* _TASK PROMPT_: Only the lines from the one holding "W białej łazience" to the end of the data should be echoed, exactly as they appear, minus the pictures.

-- PROVIDED DATA follows --

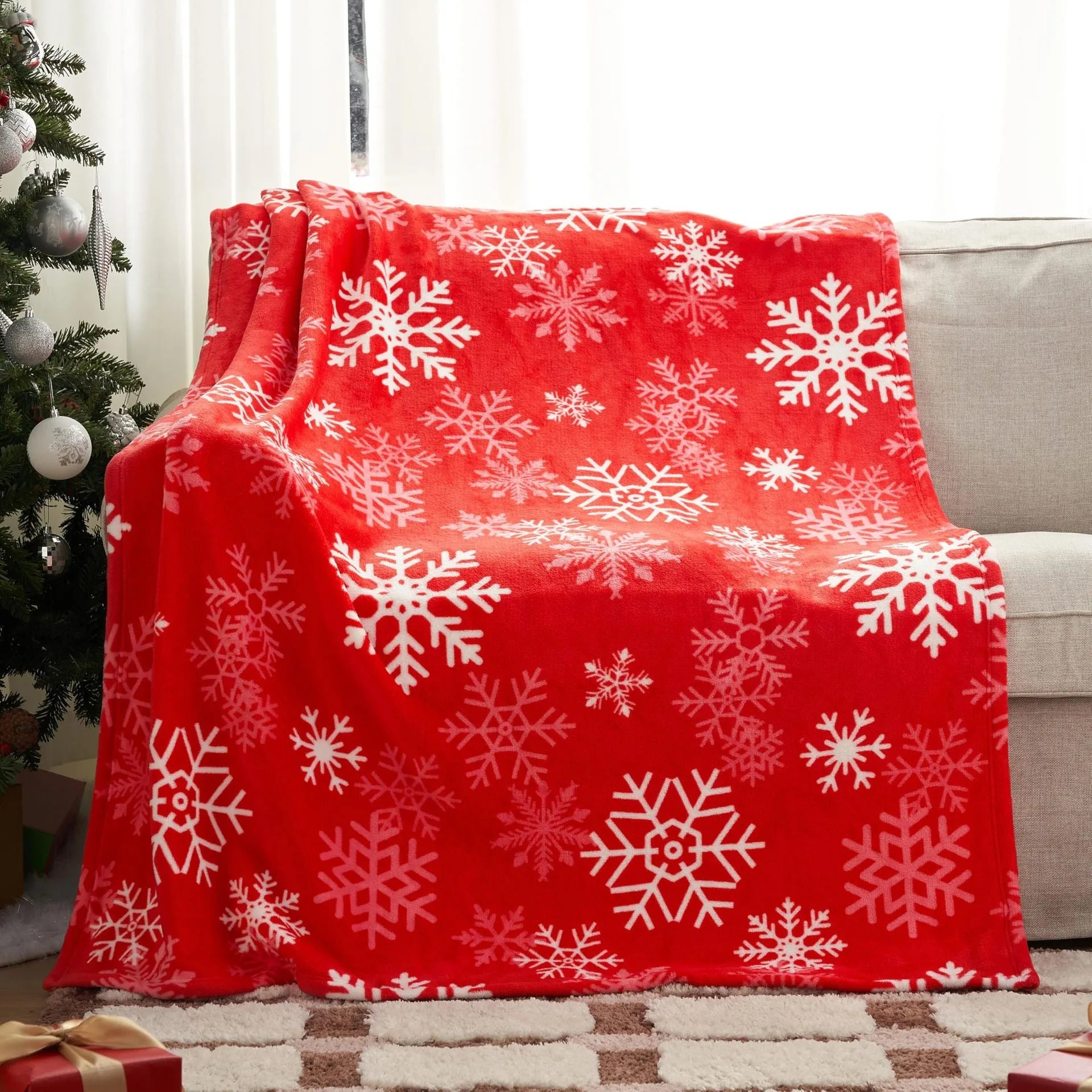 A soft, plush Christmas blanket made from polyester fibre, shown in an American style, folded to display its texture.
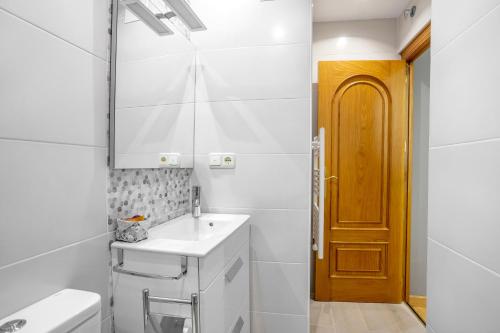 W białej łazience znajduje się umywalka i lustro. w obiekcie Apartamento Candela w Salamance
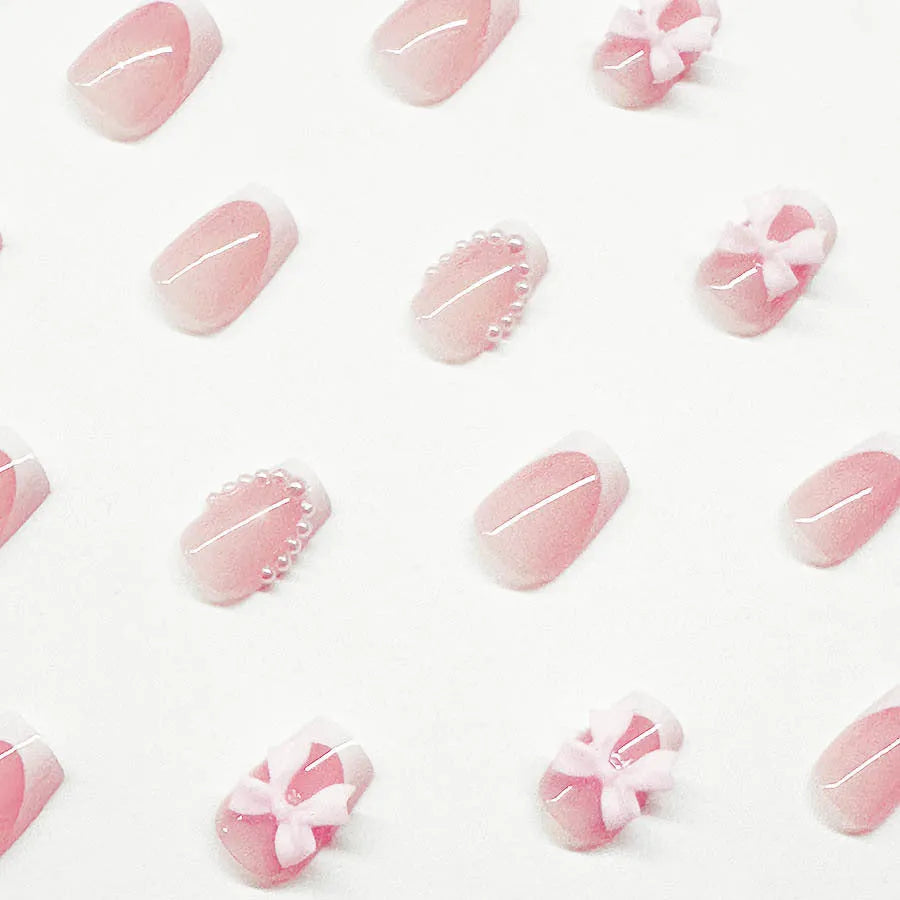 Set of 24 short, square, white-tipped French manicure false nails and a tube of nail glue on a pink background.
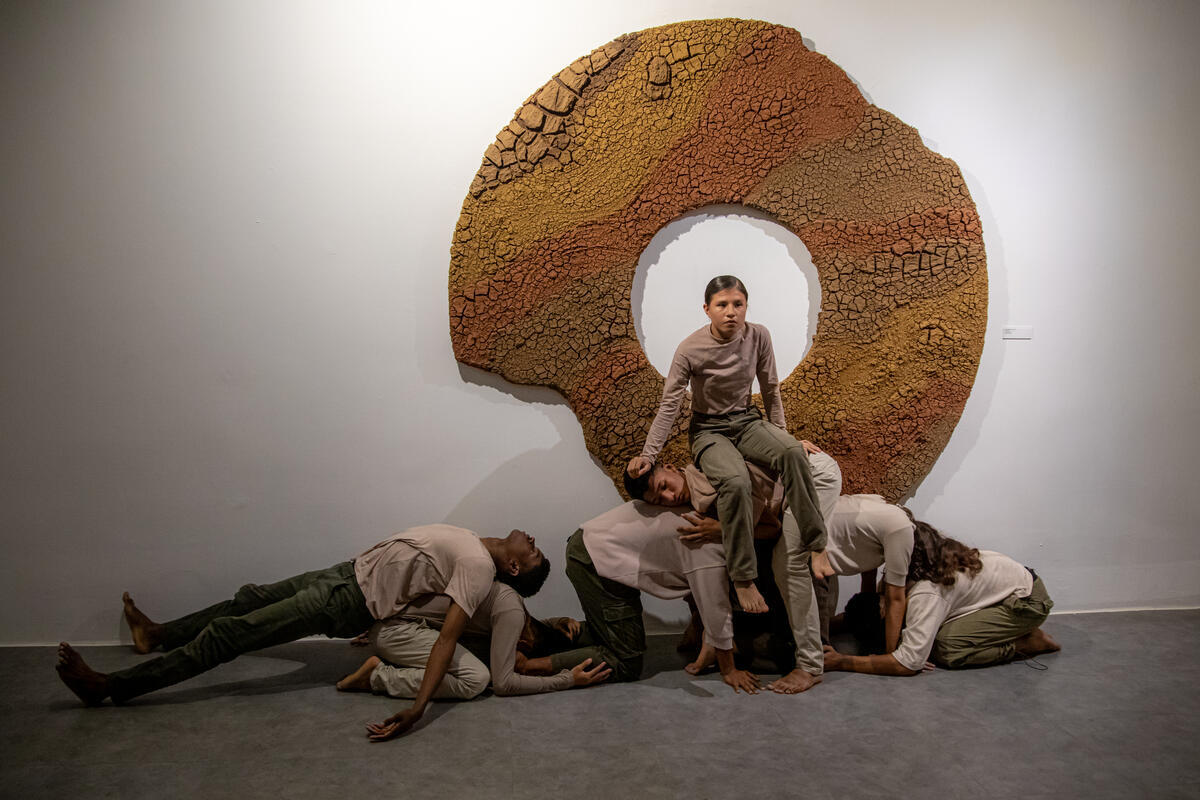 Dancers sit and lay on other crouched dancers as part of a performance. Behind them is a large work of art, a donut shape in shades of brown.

-- PROVIDED DATA concluded --

* _TASK ANSWER_:
 W białej łazience znajduje się umywalka i lustro. w obiekcie Apartamento Candela w Salamance
 Set of 24 short, square, white-tipped French manicure false nails and a tube of nail glue on a pink background.
 Dancers sit and lay on other crouched dancers as part of a performance. Behind them is a large work of art, a donut shape in shades of brown.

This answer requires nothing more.